ASSIGNED TASK: Without changing a thing, reproduce the entire listing and leave out its pictures.

MATERIAL TO PROCESS:
-=-=-=-=-
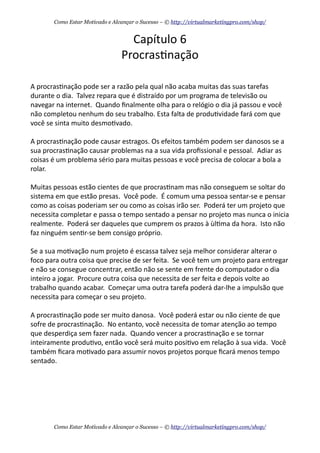 Capítulo	
  6
Procras+nação
A	
  procras+nação	
  pode	
  ser	
  a	
  razão	
  pela	
  qual	
  não	
  acaba	
  muitas	
  das	
  suas	
  tarefas	
  
durante	
  o	
  dia.	
  	
  Talvez	
  repara	
  que	
  é	
  distraído	
  por	
  um	
  programa	
  de	
  televisão	
  ou	
  
navegar	
  na	
  internet.	
  	
  Quando	
  ﬁnalmente	
  olha	
  para	
  o	
  relógio	
  o	
  dia	
  já	
  passou	
  e	
  você	
  
não	
  completou	
  nenhum	
  do	
  seu	
  trabalho.	
  Esta	
  falta	
  de	
  produ+vidade	
  fará	
  com	
  que	
  
você	
  se	
  sinta	
  muito	
  desmo+vado.
A	
  procras+nação	
  pode	
  causar	
  estragos.	
  Os	
  efeitos	
  também	
  podem	
  ser	
  danosos	
  se	
  a	
  
sua	
  procras+nação	
  causar	
  problemas	
  na	
  a	
  sua	
  vida	
  proﬁssional	
  e	
  pessoal.	
  	
  Adiar	
  as	
  
coisas	
  é	
  um	
  problema	
  sério	
  para	
  muitas	
  pessoas	
  e	
  você	
  precisa	
  de	
  colocar	
  a	
  bola	
  a	
  
rolar.
Muitas	
  pessoas	
  estão	
  cientes	
  de	
  que	
  procras+nam	
  mas	
  não	
  conseguem	
  se	
  soltar	
  do	
  
sistema	
  em	
  que	
  estão	
  presas.	
  	
  Você	
  pode.	
  	
  É	
  comum	
  uma	
  pessoa	
  sentar-­‐se	
  e	
  pensar	
  
como	
  as	
  coisas	
  poderiam	
  ser	
  ou	
  como	
  as	
  coisas	
  irão	
  ser.	
  	
  Poderá	
  ter	
  um	
  projeto	
  que	
  
necessita	
  completar	
  e	
  passa	
  o	
  tempo	
  sentado	
  a	
  pensar	
  no	
  projeto	
  mas	
  nunca	
  o	
  inicia	
  
realmente.	
  	
  Poderá	
  ser	
  daqueles	
  que	
  cumprem	
  os	
  prazos	
  à	
  ùl+ma	
  da	
  hora.	
  	
  Isto	
  não	
  
faz	
  ninguém	
  sen+r-­‐se	
  bem	
  consigo	
  próprio.
Se	
  a	
  sua	
  mo+vação	
  num	
  projeto	
  é	
  escassa	
  talvez	
  seja	
  melhor	
  considerar	
  alterar	
  o	
  
foco	
  para	
  outra	
  coisa	
  que	
  precise	
  de	
  ser	
  feita.	
  	
  Se	
  você	
  tem	
  um	
  projeto	
  para	
  entregar	
  
e	
  não	
  se	
  consegue	
  concentrar,	
  então	
  não	
  se	
  sente	
  em	
  frente	
  do	
  computador	
  o	
  dia	
  
inteiro	
  a	
  jogar.	
  	
  Procure	
  outra	
  coisa	
  que	
  necessita	
  de	
  ser	
  feita	
  e	
  depois	
  volte	
  ao	
  
trabalho	
  quando	
  acabar.	
  	
  Começar	
  uma	
  outra	
  tarefa	
  poderá	
  dar-­‐lhe	
  a	
  impulsão	
  que	
  
necessita	
  para	
  começar	
  o	
  seu	
  projeto.
A	
  procras+nação	
  pode	
  ser	
  muito	
  danosa.	
  	
  Você	
  poderá	
  estar	
  ou	
  não	
  ciente	
  de	
  que	
  
sofre	
  de	
  procras+nação.	
  	
  No	
  entanto,	
  você	
  necessita	
  de	
  tomar	
  atenção	
  ao	
  tempo	
  
que	
  desperdiça	
  sem	
  fazer	
  nada.	
  	
  Quando	
  vencer	
  a	
  procras+nação	
  e	
  se	
  tornar	
  
inteiramente	
  produ+vo,	
  então	
  você	
  será	
  muito	
  posi+vo	
  em	
  relação	
  à	
  sua	
  vida.	
  	
  Você	
  
também	
  ﬁcara	
  mo+vado	
  para	
  assumir	
  novos	
  projetos	
  porque	
  ﬁcará	
  menos	
  tempo	
  
sentado.
Como Estar Motivado e Alcançar o Sucesso – © http://virtualmarketingpro.com/shop/
Como Estar Motivado e Alcançar o Sucesso – © http://virtualmarketingpro.com/shop/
-=-=-=-=-
TASK ANSWER:
 Capítulo	
  6
Procras+nação
A	
  procras+nação	
  pode	
  ser	
  a	
  razão	
  pela	
  qual	
  não	
  acaba	
  muitas	
  das	
  suas	
  tarefas	
  
durante	
  o	
  dia.	
  	
  Talvez	
  repara	
  que	
  é	
  distraído	
  por	
  um	
  programa	
  de	
  televisão	
  ou	
  
navegar	
  na	
  internet.	
  	
  Quando	
  ﬁnalmente	
  olha	
  para	
  o	
  relógio	
  o	
  dia	
  já	
  passou	
  e	
  você	
  
não	
  completou	
  nenhum	
  do	
  seu	
  trabalho.	
  Esta	
  falta	
  de	
  produ+vidade	
  fará	
  com	
  que	
  
você	
  se	
  sinta	
  muito	
  desmo+vado.
A	
  procras+nação	
  pode	
  causar	
  estragos.	
  Os	
  efeitos	
  também	
  podem	
  ser	
  danosos	
  se	
  a	
  
sua	
  procras+nação	
  causar	
  problemas	
  na	
  a	
  sua	
  vida	
  proﬁssional	
  e	
  pessoal.	
  	
  Adiar	
  as	
  
coisas	
  é	
  um	
  problema	
  sério	
  para	
  muitas	
  pessoas	
  e	
  você	
  precisa	
  de	
  colocar	
  a	
  bola	
  a	
  
rolar.
Muitas	
  pessoas	
  estão	
  cientes	
  de	
  que	
  procras+nam	
  mas	
  não	
  conseguem	
  se	
  soltar	
  do	
  
sistema	
  em	
  que	
  estão	
  presas.	
  	
  Você	
  pode.	
  	
  É	
  comum	
  uma	
  pessoa	
  sentar-­‐se	
  e	
  pensar	
  
como	
  as	
  coisas	
  poderiam	
  ser	
  ou	
  como	
  as	
  coisas	
  irão	
  ser.	
  	
  Poderá	
  ter	
  um	
  projeto	
  que	
  
necessita	
  completar	
  e	
  passa	
  o	
  tempo	
  sentado	
  a	
  pensar	
  no	
  projeto	
  mas	
  nunca	
  o	
  inicia	
  
realmente.	
  	
  Poderá	
  ser	
  daqueles	
  que	
  cumprem	
  os	
  prazos	
  à	
  ùl+ma	
  da	
  hora.	
  	
  Isto	
  não	
  
faz	
  ninguém	
  sen+r-­‐se	
  bem	
  consigo	
  próprio.
Se	
  a	
  sua	
  mo+vação	
  num	
  projeto	
  é	
  escassa	
  talvez	
  seja	
  melhor	
  considerar	
  alterar	
  o	
  
foco	
  para	
  outra	
  coisa	
  que	
  precise	
  de	
  ser	
  feita.	
  	
  Se	
  você	
  tem	
  um	
  projeto	
  para	
  entregar	
  
e	
  não	
  se	
  consegue	
  concentrar,	
  então	
  não	
  se	
  sente	
  em	
  frente	
  do	
  computador	
  o	
  dia	
  
inteiro	
  a	
  jogar.	
  	
  Procure	
  outra	
  coisa	
  que	
  necessita	
  de	
  ser	
  feita	
  e	
  depois	
  volte	
  ao	
  
trabalho	
  quando	
  acabar.	
  	
  Começar	
  uma	
  outra	
  tarefa	
  poderá	
  dar-­‐lhe	
  a	
  impulsão	
  que	
  
necessita	
  para	
  começar	
  o	
  seu	
  projeto.
A	
  procras+nação	
  pode	
  ser	
  muito	
  danosa.	
  	
  Você	
  poderá	
  estar	
  ou	
  não	
  ciente	
  de	
  que	
  
sofre	
  de	
  procras+nação.	
  	
  No	
  entanto,	
  você	
  necessita	
  de	
  tomar	
  atenção	
  ao	
  tempo	
  
que	
  desperdiça	
  sem	
  fazer	
  nada.	
  	
  Quando	
  vencer	
  a	
  procras+nação	
  e	
  se	
  tornar	
  
inteiramente	
  produ+vo,	
  então	
  você	
  será	
  muito	
  posi+vo	
  em	
  relação	
  à	
  sua	
  vida.	
  	
  Você	
  
também	
  ﬁcara	
  mo+vado	
  para	
  assumir	
  novos	
  projetos	
  porque	
  ﬁcará	
  menos	
  tempo	
  
sentado.
Como Estar Motivado e Alcançar o Sucesso – © http://virtualmarketingpro.com/shop/
Como Estar Motivado e Alcançar o Sucesso – © http://virtualmarketingpro.com/shop/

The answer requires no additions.